Question

A car has a mass of 1500 kg. If the driver applies the brakes while on a gravel road, the maximum friction force that the tires can provide without skidding is about 7000 N.

If the car is moving at 22 m/s, what is the shortest distance in which the car can stop safely?

Answer 1

he horizontal forces acting on the car are: the braking (friction) force opposing car's movement and the inertial force which tends to keep the car moving. The two forces have equal intensity and opposite directions.
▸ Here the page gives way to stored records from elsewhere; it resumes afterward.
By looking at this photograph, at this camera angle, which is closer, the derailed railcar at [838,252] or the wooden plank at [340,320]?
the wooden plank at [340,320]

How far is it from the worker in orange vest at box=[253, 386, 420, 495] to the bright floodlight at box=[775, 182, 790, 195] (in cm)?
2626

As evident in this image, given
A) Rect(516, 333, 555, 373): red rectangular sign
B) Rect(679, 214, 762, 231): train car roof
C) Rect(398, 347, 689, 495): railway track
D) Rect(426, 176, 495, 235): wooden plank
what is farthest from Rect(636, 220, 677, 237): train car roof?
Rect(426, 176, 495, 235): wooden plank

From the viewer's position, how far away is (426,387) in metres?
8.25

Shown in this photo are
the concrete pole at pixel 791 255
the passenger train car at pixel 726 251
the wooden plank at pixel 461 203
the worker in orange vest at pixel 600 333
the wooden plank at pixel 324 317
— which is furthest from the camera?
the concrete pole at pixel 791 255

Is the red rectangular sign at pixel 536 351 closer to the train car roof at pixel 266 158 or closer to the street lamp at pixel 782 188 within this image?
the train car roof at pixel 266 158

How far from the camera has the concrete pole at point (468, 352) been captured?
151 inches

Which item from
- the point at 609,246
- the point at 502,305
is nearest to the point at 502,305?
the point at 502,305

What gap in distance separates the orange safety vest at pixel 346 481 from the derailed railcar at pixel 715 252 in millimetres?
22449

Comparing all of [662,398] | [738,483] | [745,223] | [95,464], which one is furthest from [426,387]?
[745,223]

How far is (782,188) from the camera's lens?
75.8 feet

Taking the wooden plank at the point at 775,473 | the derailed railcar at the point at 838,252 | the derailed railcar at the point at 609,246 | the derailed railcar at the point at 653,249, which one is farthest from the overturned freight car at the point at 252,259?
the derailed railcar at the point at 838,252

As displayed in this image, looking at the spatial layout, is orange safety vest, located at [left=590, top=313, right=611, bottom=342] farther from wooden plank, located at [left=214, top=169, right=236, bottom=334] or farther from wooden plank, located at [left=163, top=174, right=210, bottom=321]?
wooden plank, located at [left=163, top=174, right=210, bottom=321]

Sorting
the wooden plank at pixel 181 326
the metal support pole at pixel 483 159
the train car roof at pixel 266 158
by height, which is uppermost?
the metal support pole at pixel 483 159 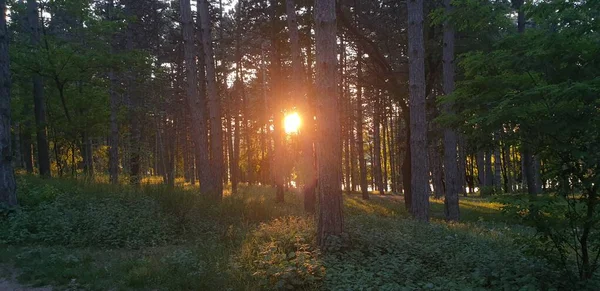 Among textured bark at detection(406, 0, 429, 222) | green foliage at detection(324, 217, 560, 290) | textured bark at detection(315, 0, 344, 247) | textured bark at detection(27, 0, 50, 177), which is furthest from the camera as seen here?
textured bark at detection(27, 0, 50, 177)

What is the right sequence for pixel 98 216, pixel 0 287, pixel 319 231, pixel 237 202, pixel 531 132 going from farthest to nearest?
pixel 237 202 → pixel 98 216 → pixel 319 231 → pixel 0 287 → pixel 531 132

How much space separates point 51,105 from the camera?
19.8 meters

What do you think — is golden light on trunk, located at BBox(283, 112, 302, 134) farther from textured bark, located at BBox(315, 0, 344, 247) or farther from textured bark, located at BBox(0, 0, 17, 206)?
textured bark, located at BBox(315, 0, 344, 247)

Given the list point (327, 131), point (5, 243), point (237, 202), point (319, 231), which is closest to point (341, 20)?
point (237, 202)

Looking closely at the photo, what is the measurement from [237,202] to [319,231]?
5841 mm

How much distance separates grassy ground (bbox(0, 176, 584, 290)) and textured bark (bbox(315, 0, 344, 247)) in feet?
2.11

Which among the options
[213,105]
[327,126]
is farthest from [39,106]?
[327,126]

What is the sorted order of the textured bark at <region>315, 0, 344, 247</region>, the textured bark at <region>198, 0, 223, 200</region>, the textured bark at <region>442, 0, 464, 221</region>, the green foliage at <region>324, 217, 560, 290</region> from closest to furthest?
the green foliage at <region>324, 217, 560, 290</region> < the textured bark at <region>315, 0, 344, 247</region> < the textured bark at <region>442, 0, 464, 221</region> < the textured bark at <region>198, 0, 223, 200</region>

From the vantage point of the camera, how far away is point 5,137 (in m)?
11.1

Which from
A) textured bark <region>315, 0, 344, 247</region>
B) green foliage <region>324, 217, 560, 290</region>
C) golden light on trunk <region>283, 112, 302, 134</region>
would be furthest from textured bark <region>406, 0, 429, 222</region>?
golden light on trunk <region>283, 112, 302, 134</region>

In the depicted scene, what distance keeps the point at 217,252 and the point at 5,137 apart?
7.54 m

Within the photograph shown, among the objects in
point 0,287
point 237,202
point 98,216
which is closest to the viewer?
point 0,287

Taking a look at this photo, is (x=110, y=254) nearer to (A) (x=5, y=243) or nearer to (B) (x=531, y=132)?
(A) (x=5, y=243)

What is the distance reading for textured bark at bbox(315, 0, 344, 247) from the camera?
808 cm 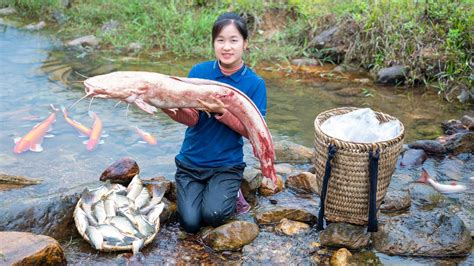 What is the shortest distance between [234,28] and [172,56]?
21.2ft

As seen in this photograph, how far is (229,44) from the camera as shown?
395 centimetres

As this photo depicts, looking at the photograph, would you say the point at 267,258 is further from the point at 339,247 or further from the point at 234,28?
the point at 234,28

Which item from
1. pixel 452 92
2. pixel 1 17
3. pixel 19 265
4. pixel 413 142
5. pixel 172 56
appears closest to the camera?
pixel 19 265

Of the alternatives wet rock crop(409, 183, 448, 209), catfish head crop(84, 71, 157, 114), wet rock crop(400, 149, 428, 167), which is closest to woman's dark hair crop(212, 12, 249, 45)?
catfish head crop(84, 71, 157, 114)

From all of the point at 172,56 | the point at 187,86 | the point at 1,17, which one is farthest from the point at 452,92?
the point at 1,17

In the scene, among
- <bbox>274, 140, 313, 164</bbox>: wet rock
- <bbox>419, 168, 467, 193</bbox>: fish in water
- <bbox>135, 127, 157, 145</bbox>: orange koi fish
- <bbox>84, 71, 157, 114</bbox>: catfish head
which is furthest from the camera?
<bbox>135, 127, 157, 145</bbox>: orange koi fish

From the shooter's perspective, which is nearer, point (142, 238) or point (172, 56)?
point (142, 238)

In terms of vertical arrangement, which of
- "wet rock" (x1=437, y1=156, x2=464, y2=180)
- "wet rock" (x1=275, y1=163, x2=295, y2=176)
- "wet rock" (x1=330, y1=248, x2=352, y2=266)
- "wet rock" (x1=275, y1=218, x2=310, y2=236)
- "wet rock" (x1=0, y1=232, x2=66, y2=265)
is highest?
"wet rock" (x1=0, y1=232, x2=66, y2=265)

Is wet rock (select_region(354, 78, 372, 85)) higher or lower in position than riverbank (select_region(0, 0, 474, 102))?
lower

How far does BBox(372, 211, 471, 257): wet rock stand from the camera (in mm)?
3883

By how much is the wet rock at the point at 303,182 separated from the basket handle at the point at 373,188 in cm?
108

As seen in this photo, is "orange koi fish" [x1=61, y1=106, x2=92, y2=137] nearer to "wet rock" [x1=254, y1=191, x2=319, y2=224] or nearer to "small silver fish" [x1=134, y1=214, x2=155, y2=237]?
"wet rock" [x1=254, y1=191, x2=319, y2=224]

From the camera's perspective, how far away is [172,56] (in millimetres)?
10219

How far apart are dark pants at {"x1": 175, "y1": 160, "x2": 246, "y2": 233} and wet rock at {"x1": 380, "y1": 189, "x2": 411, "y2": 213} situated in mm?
1266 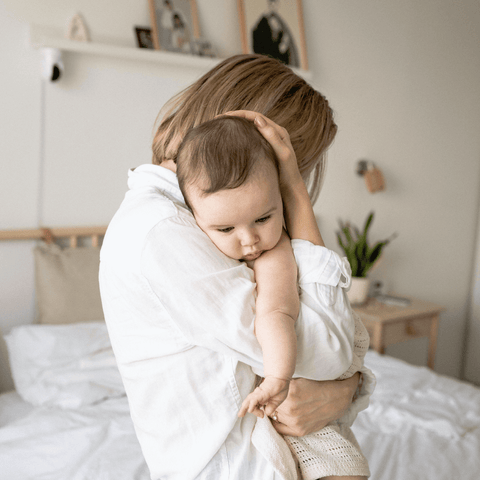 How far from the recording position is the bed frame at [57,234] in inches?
76.7

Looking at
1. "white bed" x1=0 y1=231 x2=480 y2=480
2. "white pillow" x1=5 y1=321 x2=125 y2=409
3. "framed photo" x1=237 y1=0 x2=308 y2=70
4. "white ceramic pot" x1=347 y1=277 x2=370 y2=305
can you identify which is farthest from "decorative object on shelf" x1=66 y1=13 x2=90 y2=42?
"white ceramic pot" x1=347 y1=277 x2=370 y2=305

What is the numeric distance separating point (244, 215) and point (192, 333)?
0.19 meters

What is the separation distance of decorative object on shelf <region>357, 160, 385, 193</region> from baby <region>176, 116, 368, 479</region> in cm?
224

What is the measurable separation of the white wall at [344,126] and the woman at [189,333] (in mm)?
1444

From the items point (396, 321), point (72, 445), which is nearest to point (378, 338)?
point (396, 321)

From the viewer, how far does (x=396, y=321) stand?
8.35 feet

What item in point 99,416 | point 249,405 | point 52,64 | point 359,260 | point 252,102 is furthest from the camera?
point 359,260

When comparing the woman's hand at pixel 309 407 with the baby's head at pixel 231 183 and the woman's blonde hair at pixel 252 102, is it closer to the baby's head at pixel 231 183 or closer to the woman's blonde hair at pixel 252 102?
the baby's head at pixel 231 183

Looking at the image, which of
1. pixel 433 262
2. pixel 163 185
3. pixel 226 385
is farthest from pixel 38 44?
pixel 433 262

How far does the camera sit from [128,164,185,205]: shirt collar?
76cm

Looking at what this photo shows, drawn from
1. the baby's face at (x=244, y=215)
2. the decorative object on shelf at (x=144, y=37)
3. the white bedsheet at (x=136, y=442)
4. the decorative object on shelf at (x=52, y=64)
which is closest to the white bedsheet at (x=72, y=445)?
the white bedsheet at (x=136, y=442)

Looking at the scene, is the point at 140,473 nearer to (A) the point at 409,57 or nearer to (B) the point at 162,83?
(B) the point at 162,83

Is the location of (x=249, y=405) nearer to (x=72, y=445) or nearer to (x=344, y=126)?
(x=72, y=445)

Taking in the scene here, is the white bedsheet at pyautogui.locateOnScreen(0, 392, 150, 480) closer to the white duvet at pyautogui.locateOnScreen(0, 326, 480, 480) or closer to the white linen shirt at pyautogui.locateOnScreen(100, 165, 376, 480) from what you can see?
the white duvet at pyautogui.locateOnScreen(0, 326, 480, 480)
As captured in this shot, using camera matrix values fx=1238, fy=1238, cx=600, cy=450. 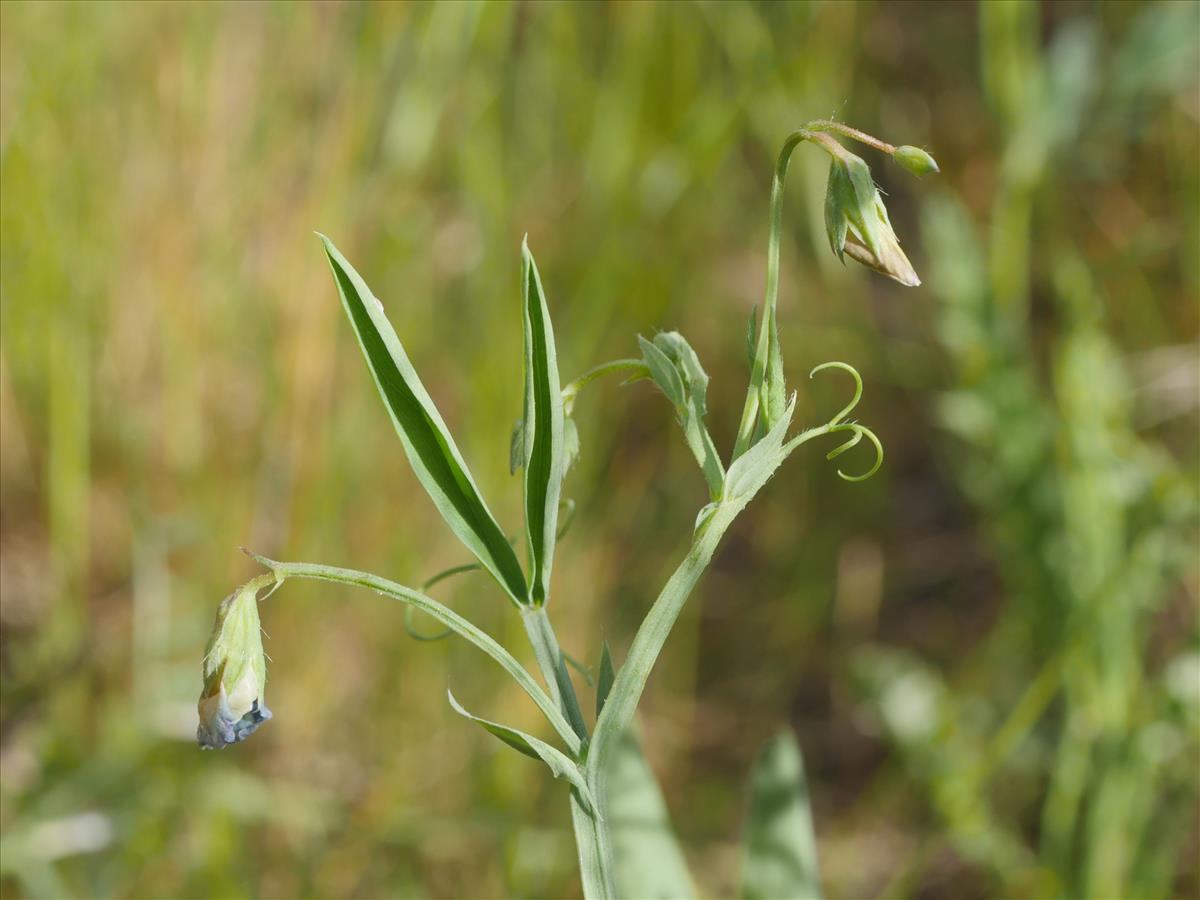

That means that the friction force equals the inertial force:
Ff = Fin
Ff = m*a
Solving for acceleration:
a = Ff/m = 7000/1500 = 4.67 m/s^2
Velocity (car speed), uniform acceleration and space are linked by the following formula:
v^2 = 2as
Solving for s:
s = V^2/(2a) = 22^2/(2*4.67) = 51.82 m
which is the shortest safe stopping distance for the car.

Answer 2

The horizontal forces acting on the car are: the braking (friction) force opposing car's movement and the inertial force which tends to keep the car moving. The two forces have equal intensity and opposite directions. That means that the friction force equals the inertial force:
Ff = Fin
Ff = m*a
Solving for acceleration:
a = Ff/m = 7000/1500 = 4.67 m/s^2
Velocity (car speed), uniform acceleration and space are linked by the following formula:
v^2 = 2as
Solving for s:
s = V^2/(2a) = 22^2/(2*4.67) = 51.83 m
which is the shortest safe stopping distance for the car.

Answer 3

maximum possible accelaration=7000/1500=4.6667m/s²

v²=u²+2as

0=22²-2*4.6667*s

s=51.8534m